* _Available records_:
________

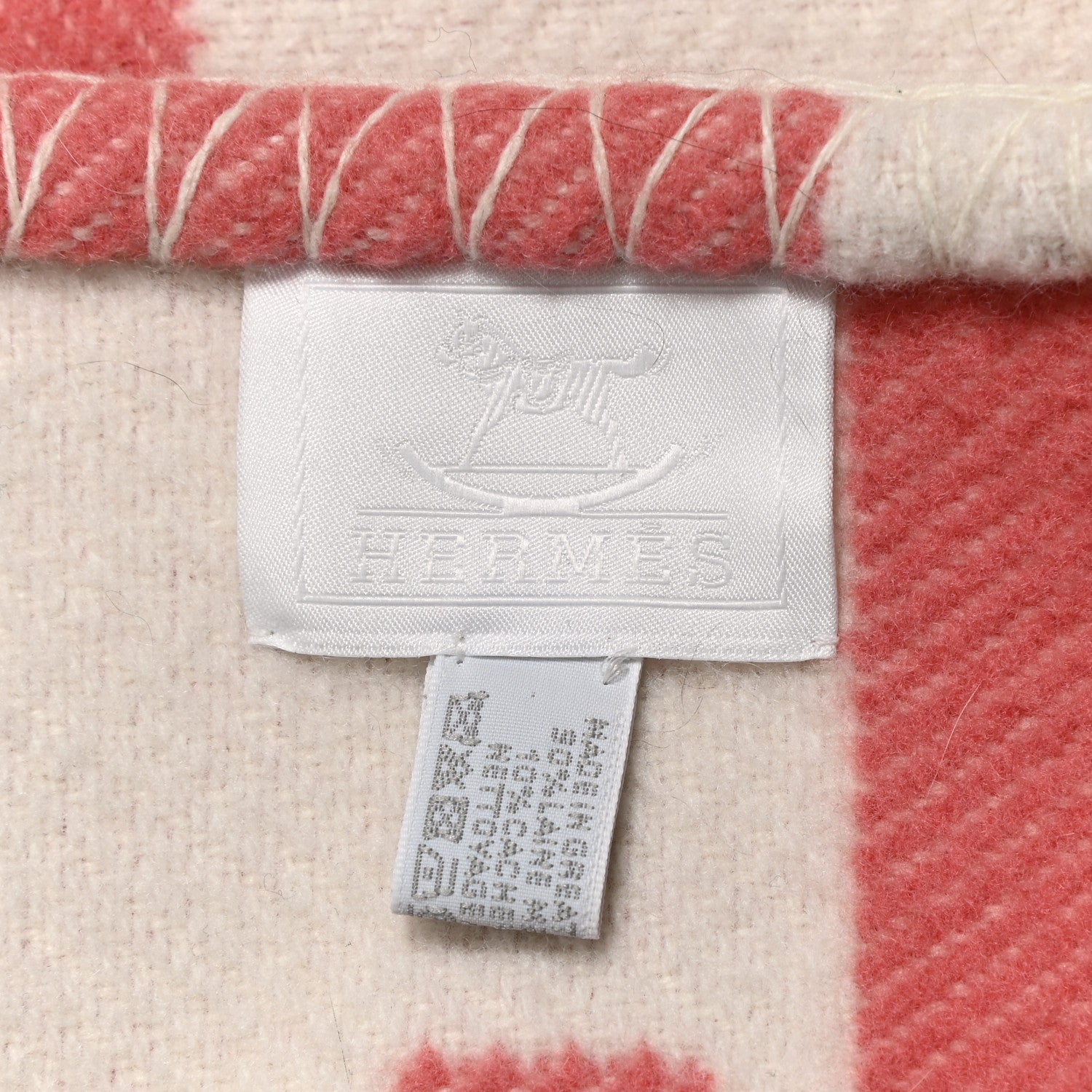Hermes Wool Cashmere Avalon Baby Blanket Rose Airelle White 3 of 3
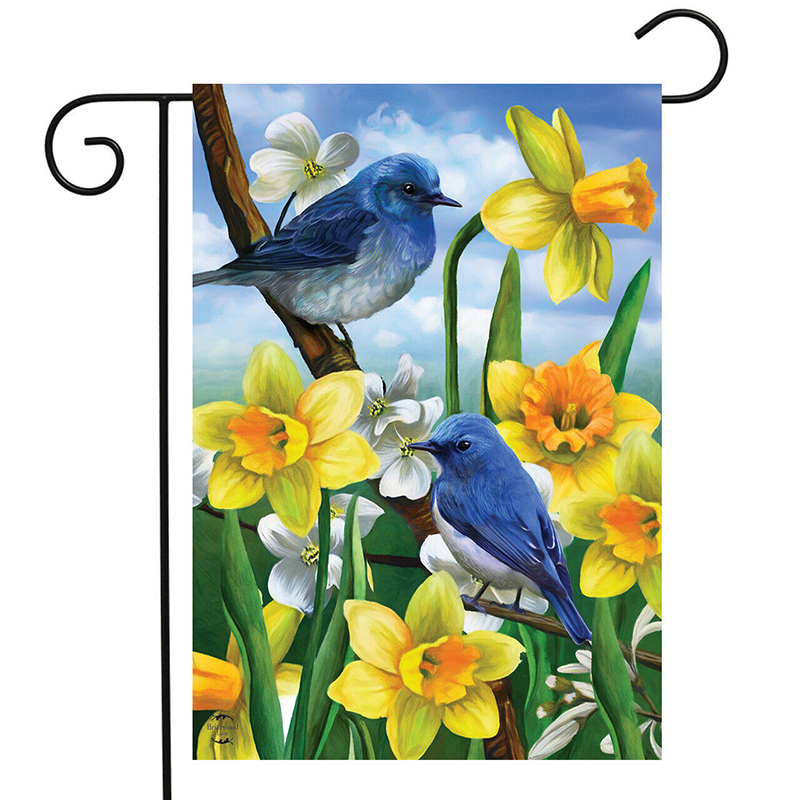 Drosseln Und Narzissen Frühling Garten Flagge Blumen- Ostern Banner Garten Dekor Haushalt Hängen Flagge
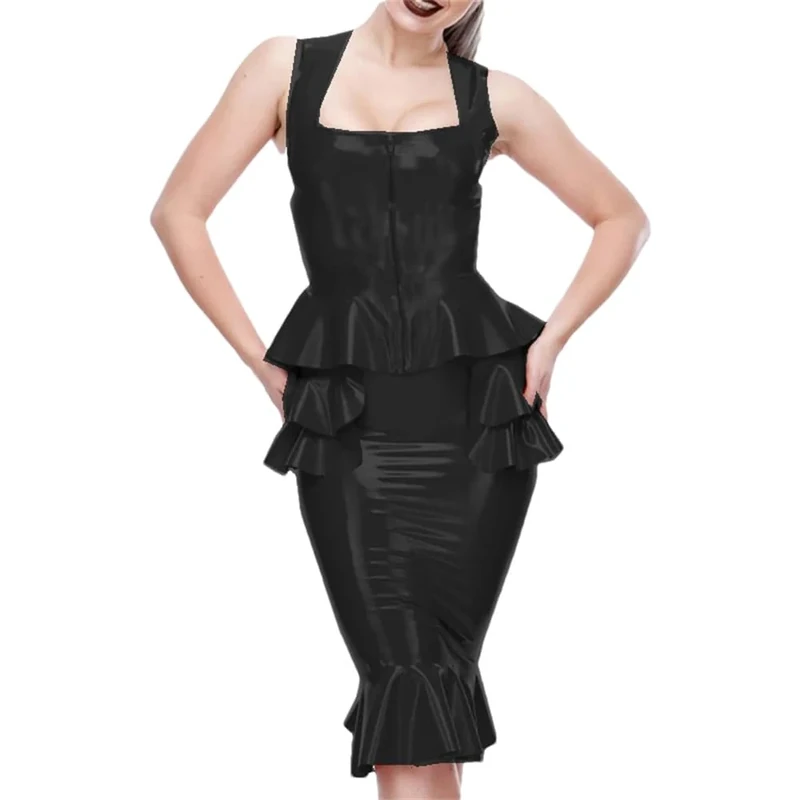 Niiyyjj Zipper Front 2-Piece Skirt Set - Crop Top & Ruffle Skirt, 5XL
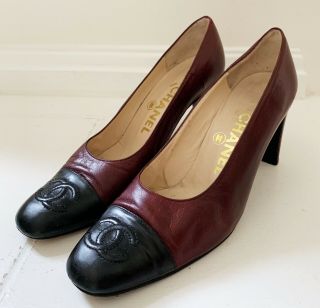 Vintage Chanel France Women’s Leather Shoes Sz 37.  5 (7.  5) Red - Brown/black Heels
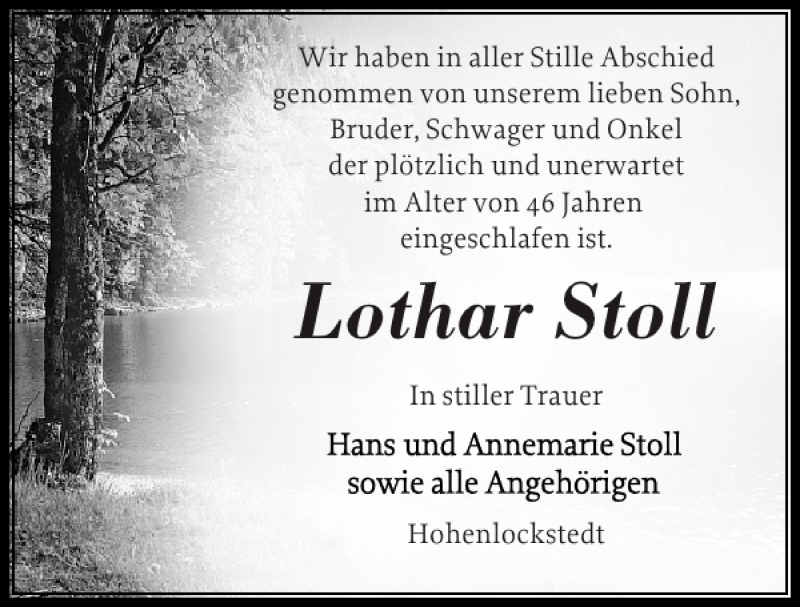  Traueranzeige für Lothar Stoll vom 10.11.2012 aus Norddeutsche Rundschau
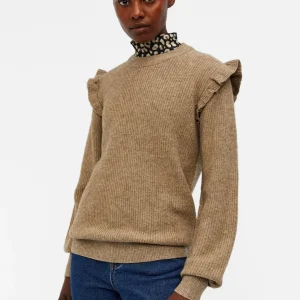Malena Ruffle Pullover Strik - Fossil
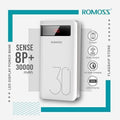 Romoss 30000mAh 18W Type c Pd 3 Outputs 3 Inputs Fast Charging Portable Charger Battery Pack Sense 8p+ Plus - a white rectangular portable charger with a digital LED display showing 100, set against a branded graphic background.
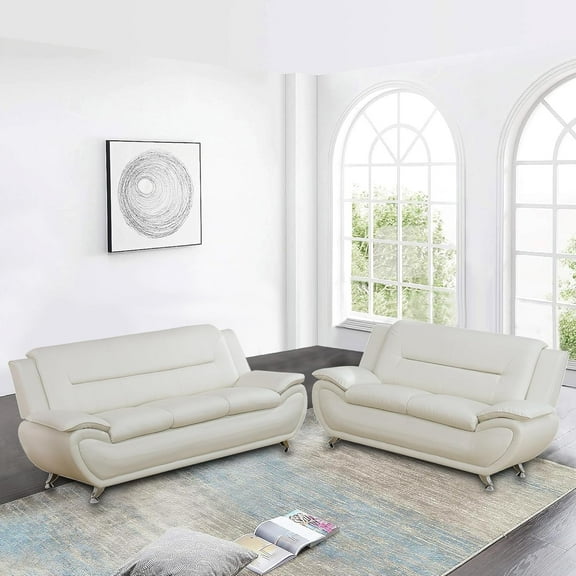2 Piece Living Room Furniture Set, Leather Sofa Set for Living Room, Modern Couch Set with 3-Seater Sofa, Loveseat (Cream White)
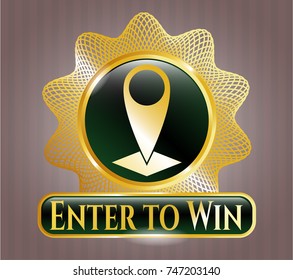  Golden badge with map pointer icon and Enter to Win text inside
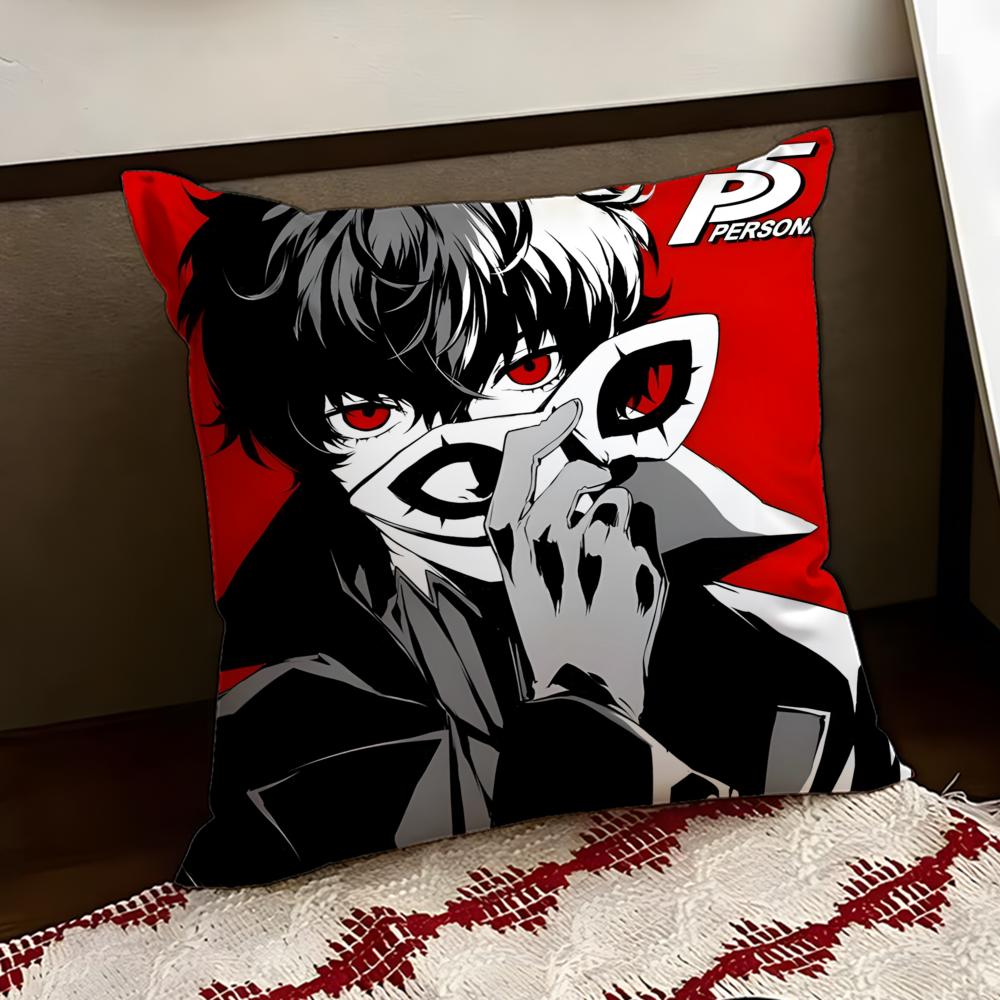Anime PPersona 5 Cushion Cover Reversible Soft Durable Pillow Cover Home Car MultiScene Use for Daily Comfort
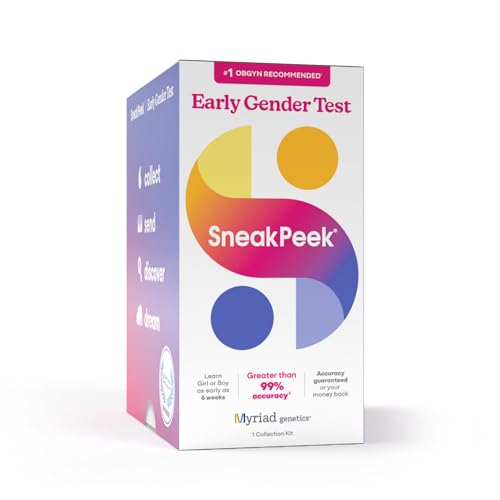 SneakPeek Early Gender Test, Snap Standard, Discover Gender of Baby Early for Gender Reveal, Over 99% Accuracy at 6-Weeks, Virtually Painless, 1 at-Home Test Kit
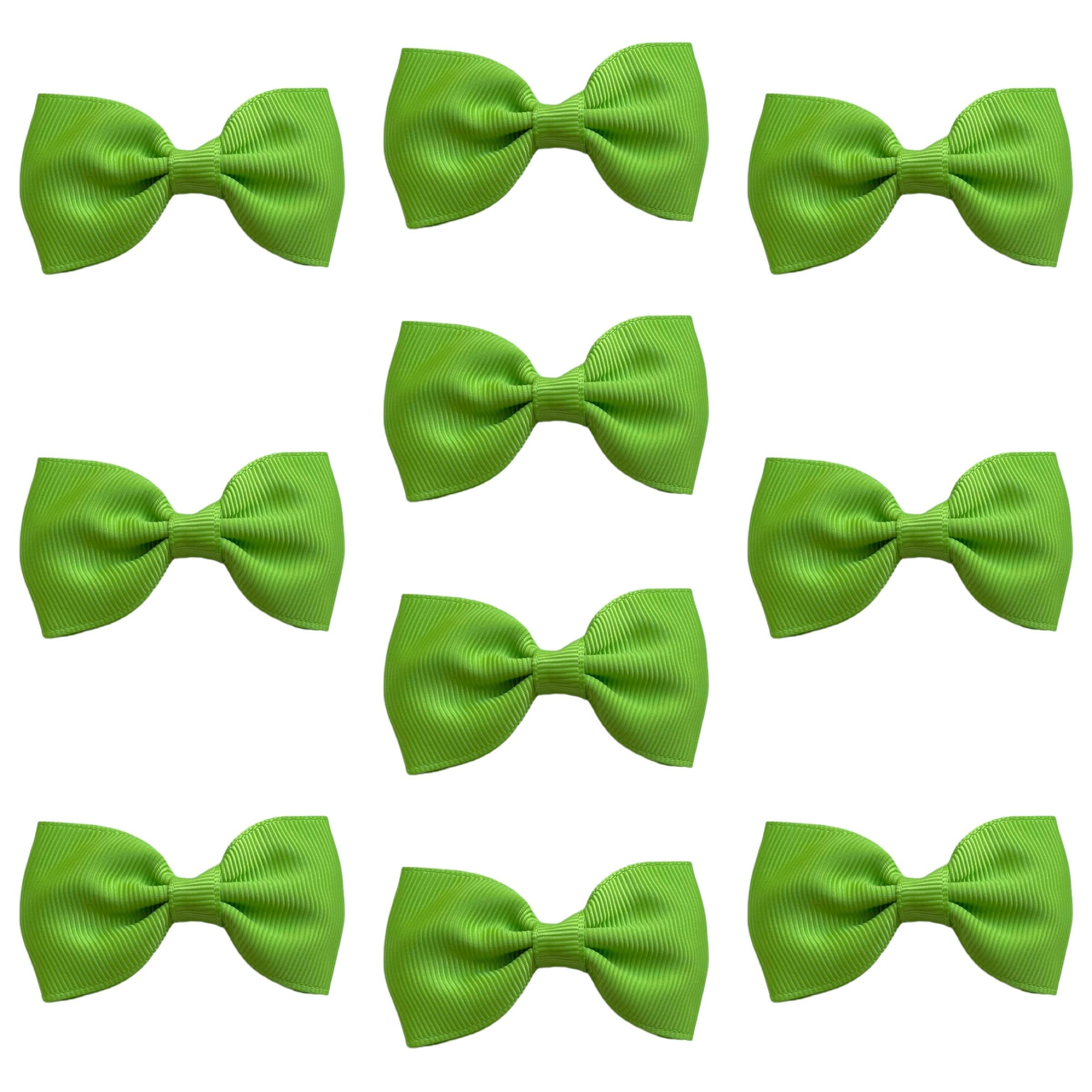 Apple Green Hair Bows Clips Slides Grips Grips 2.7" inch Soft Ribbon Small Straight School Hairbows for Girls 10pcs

________

* _Exercise aim_: All that is needed is an exact copy of the entries above, minus the pictures.

* _Response to this task_:
Hermes Wool Cashmere Avalon Baby Blanket Rose Airelle White 3 of 3
 Drosseln Und Narzissen Frühling Garten Flagge Blumen- Ostern Banner Garten Dekor Haushalt Hängen Flagge
 Niiyyjj Zipper Front 2-Piece Skirt Set - Crop Top & Ruffle Skirt, 5XL
 Vintage Chanel France Women’s Leather Shoes Sz 37.  5 (7.  5) Red - Brown/black Heels
  Traueranzeige für Lothar Stoll vom 10.11.2012 aus Norddeutsche Rundschau
Malena Ruffle Pullover Strik - Fossil
 Romoss 30000mAh 18W Type c Pd 3 Outputs 3 Inputs Fast Charging Portable Charger Battery Pack Sense 8p+ Plus - a white rectangular portable charger with a digital LED display showing 100, set against a branded graphic background.
2 Piece Living Room Furniture Set, Leather Sofa Set for Living Room, Modern Couch Set with 3-Seater Sofa, Loveseat (Cream White)
  Golden badge with map pointer icon and Enter to Win text inside
Anime PPersona 5 Cushion Cover Reversible Soft Durable Pillow Cover Home Car MultiScene Use for Daily Comfort
 SneakPeek Early Gender Test, Snap Standard, Discover Gender of Baby Early for Gender Reveal, Over 99% Accuracy at 6-Weeks, Virtually Painless, 1 at-Home Test Kit
 Apple Green Hair Bows Clips Slides Grips Grips 2.7" inch Soft Ribbon Small Straight School Hairbows for Girls 10pcs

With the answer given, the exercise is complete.